Request for Assistance

Given that:

  1. The audio data is properly formatted as 16-bit signed PCM.
  2. The VAD settings are adjusted to avoid premature endpointing.
  3. Riva ASR works fine with local samples, but fails with streamed data.
  4. gRPC communication is functioning as confirmed via Riva TTS.

What could be causing Riva ASR to fail in recognizing speech from the remote client? Are there additional debugging steps or configurations I should check?

Any insights would be greatly appreciated!

1 Like

having the same problem, with identical configuration

Hi @Benutzer1925 , Can you please help us with the server logs ?
Also the config, model used, sample audio and repro steps ?
This will help us with the debugging process.

Thanks

Greetings,

I am pleased to share that the issue has been successfully resolved. After cross-examining my client with a simplified version based on the official GitHub examples, I discovered that the problem stemmed from my client’s inability to properly retrieve the transcript from the response.

It turns out that the server had been sending valid transcripts all along. I had either misinterpreted the speech_duration variable—assuming it represented the duration of detected speech in my audio—or the logging of this variable was not functioning as expected.
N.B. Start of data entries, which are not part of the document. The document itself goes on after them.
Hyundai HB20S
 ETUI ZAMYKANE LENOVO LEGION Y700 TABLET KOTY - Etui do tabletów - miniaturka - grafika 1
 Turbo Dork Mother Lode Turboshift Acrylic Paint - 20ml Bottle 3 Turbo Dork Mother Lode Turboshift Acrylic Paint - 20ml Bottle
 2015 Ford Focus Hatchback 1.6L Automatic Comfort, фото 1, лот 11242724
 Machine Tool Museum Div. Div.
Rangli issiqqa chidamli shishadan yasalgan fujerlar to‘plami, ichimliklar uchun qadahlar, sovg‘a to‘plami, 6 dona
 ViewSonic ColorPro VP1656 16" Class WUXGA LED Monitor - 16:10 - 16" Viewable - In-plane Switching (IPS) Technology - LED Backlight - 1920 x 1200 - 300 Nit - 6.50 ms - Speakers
This conclusion is supported by comparing the server logs and the exchanged data between the server and both clients. When ensuring that both the defective client and the working client sent the exact same audio data, they both triggered identical server log entries, such as:

"audio_duration":4.000805421311011, "speech_duration":"0.0", "status":0, "err_msg":""

While the defective client failed to display the transcript from the valid response, the working client successfully printed the full transcript without any issues.

After correcting the defective client, it now transmits audio data and receives transcripts as expected.

Thank you for your time and support.